Stepping Out – Steps and Catamaran Design

first step

Catamaran design school commencement

You really ought to get the steps right.  We have personally witnessed three incidents of would-be boaters falling down the stairs of various creampuffs, not underway but at the boat show docks.   Maybe their attention was diverted by the prevailing glitz.

It isn’t that difficult to figure out what should be done.  Staircase design standards are well documented and if you are not sure, you can go out and measure a few.

But designing good step ergonomics often results in a major conflict with a vessel’s rocketship visuals, step lines being generally transverse and not suggestive of speed.

steps and lines

Sometimes the proliferation of lines constitutes a design challenge

The catamaran with its multiple accommodation deck heights is a challenge.  The relationship between riser height and the tread width, in combination with the step overhang needs to fall within a set of parameters that are derived from human anatomy.  The variations in that anatomy are quite significant; the step up ability of a woman of small stature varying significantly from that of her ex-football player husband of 6’4”.  These people however represent the potential boat owners the designer should serve.   The alternative…

fun house mirror

Forcing the owner to fit the boat design

monohull experience

Continuing with the funhouse theme, remember the moving stairs and slanted floors?
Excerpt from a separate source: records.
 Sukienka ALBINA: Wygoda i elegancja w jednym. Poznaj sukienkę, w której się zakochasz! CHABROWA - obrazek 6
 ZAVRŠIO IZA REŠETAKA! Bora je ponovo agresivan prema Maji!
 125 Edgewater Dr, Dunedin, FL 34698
Does this remind you of your monohull boating experience?

flights and landings

The diagram above illustrates some of the issues pertinent to designing domestic staircases to avoid homeowner tumbling syndrome.   Your household staircase doesn’t tilt and heave and get slippery as you may expect your boat’s to do but there are no published standards for pleasure boats.

humanscale

Humanscale

Obviously some compromises need to be made to avoid having your catamaran yacht resemble a tour boat but where should you draw the line.

Marine companions and stairways often have to be closer to ladders but this application is not without recognized correct design parameters.   We all owe a debt to Neils Diffrient , an ergonomic researcher who systematically researched all aspects of human interaction with the physical surroundings.  His work, (unfortunately currently out of print) has been used for the responsible design of everything we sit on or at, climb on or through, push buttons on, view, etc.  When something isn’t comfortable, convenient, within visual range or easy to reach you may be sure that N.D.’s works are not in the hands of the designer, or perhaps he just doesn’t care to know.
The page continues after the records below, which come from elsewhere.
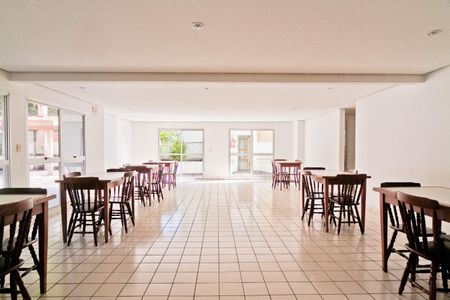 Apartamento para alugar com 60m², 2 quartos e 1 vaga Apartamento para alugar com 60m², 2 quartos e 1 vagaÁrea comum - Salão de festas
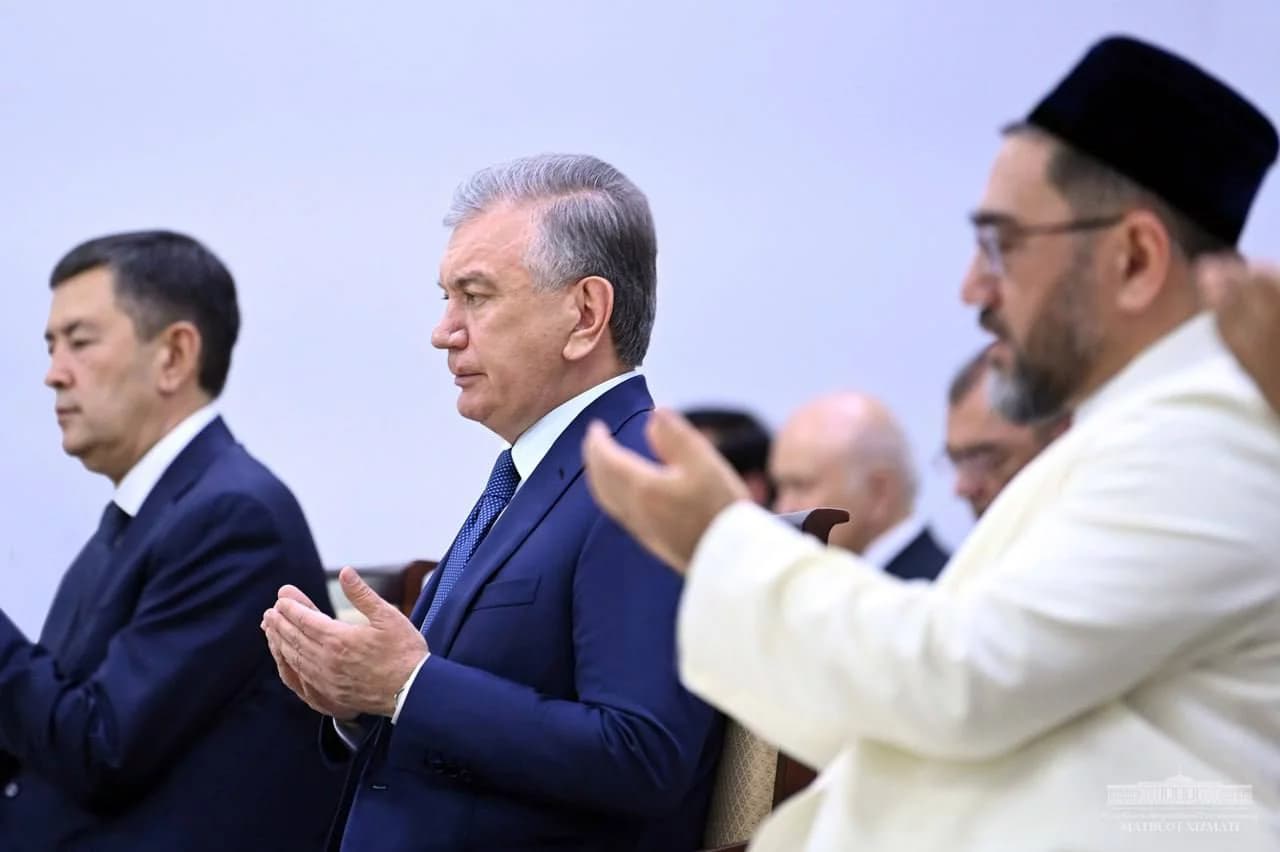 Shavkat Mirziyoyev yangitdan qurilayotgan Imom Buxoriy majmuasini ziyorat qildi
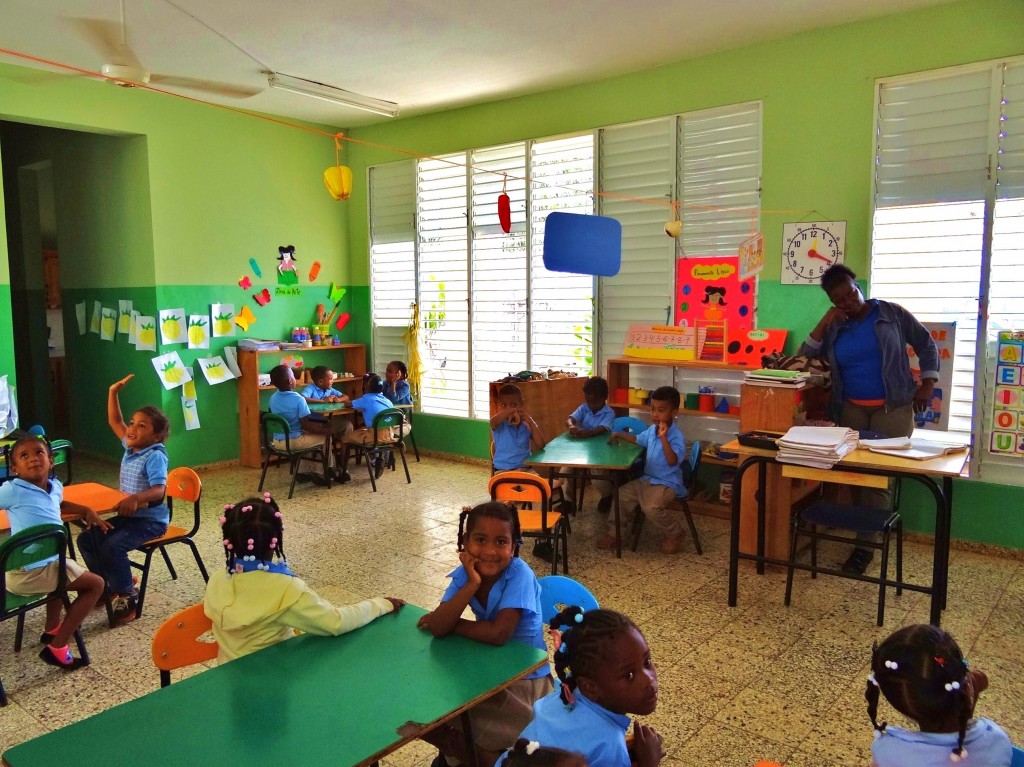 Foto: Escuela Primaria Belarminio Calvo - Los Tocones (Samaná), República Dominicana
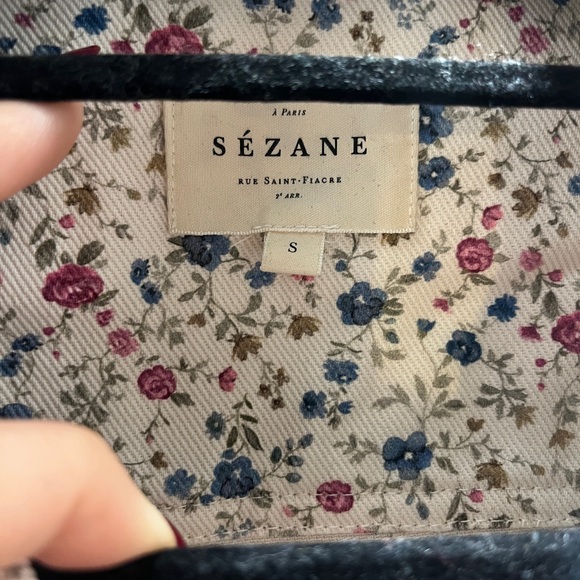 Sezane Jackets & Blazers - Sézane Floral-Lined Jean Jacket in Cream with Blue and Pink Flowers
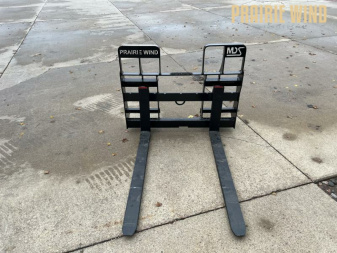 New 2024 MDS Mfg Co Pallet Forks w/ Walk Through Attachment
To the left is a lift from part of Neils Diffrient’s Humanscale study of the ways in which we may transit changes in elevation.  The reproduction is unfortunately poor but the little chart in the lower right relates the parameters appropriate for different people and establishes workable averages.  This is thorough work, if you follow it, your catamaran steps will work.

step design

Some more design considerations to think about

bad idea

Probably a dumbass idea all around

Making a stairway ergonomically correct does not preclude a tasteful and romantic vision.

romance on the move

The Antares 44 companion stair leading down from the saloon to the owner’s suite, as the designer envisions it

When you go on board a catamaran, have a look at the deck height transitions and traffic patterns first.  Don’t consider the transom steps in isolation, they are the way on and off the vessel whether it is at the dock or on a mooring.

transom step

consider arriving on the dock with an armload of groceries and trying to board an arrangement like this one. (the ability to do the splits is always appreciated on the dock.)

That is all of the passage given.